EXTRACTED MATERIAL:

****

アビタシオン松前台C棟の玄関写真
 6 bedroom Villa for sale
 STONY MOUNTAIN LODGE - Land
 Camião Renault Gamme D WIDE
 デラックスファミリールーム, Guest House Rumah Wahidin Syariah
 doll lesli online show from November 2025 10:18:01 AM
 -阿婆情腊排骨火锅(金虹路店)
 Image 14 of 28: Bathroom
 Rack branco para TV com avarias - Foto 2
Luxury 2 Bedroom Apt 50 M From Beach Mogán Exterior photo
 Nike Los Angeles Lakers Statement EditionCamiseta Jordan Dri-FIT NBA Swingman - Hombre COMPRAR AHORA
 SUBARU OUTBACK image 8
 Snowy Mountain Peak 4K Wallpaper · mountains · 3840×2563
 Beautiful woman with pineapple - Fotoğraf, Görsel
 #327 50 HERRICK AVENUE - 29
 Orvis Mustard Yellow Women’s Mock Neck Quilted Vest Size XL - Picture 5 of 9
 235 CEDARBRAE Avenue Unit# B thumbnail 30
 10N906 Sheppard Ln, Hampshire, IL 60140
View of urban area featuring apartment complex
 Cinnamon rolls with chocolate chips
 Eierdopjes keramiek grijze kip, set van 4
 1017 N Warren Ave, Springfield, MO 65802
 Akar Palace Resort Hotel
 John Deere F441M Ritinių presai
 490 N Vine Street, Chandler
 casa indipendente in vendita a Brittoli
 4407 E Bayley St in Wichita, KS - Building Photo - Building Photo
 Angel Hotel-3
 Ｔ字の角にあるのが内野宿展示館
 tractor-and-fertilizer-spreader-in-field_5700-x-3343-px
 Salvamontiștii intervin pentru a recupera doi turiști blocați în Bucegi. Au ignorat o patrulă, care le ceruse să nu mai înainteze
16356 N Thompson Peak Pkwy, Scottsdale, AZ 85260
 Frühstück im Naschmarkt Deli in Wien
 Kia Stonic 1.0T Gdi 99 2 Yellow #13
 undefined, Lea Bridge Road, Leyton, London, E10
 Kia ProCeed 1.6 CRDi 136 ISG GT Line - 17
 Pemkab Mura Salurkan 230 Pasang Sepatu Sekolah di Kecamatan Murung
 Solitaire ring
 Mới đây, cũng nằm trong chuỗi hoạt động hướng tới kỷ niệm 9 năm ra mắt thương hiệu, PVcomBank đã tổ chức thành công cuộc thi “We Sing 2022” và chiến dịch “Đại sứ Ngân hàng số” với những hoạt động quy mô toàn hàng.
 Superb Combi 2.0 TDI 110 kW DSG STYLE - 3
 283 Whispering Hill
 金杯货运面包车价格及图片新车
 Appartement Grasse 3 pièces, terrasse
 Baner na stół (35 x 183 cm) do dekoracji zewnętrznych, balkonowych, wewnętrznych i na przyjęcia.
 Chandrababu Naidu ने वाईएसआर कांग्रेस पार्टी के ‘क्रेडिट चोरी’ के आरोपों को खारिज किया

****

WHAT YOU ARE ASKED TO DO: Since only part of the listing is wanted, copy exactly the lines from the one holding "Cinnamon rolls with chocolate chips" to the one holding "Ｔ字の角にあるのが内野宿展示館", both included.

WRITTEN SOLUTION:
 Cinnamon rolls with chocolate chips
 Eierdopjes keramiek grijze kip, set van 4
 1017 N Warren Ave, Springfield, MO 65802
 Akar Palace Resort Hotel
 John Deere F441M Ritinių presai
 490 N Vine Street, Chandler
 casa indipendente in vendita a Brittoli
 4407 E Bayley St in Wichita, KS - Building Photo - Building Photo
 Angel Hotel-3
 Ｔ字の角にあるのが内野宿展示館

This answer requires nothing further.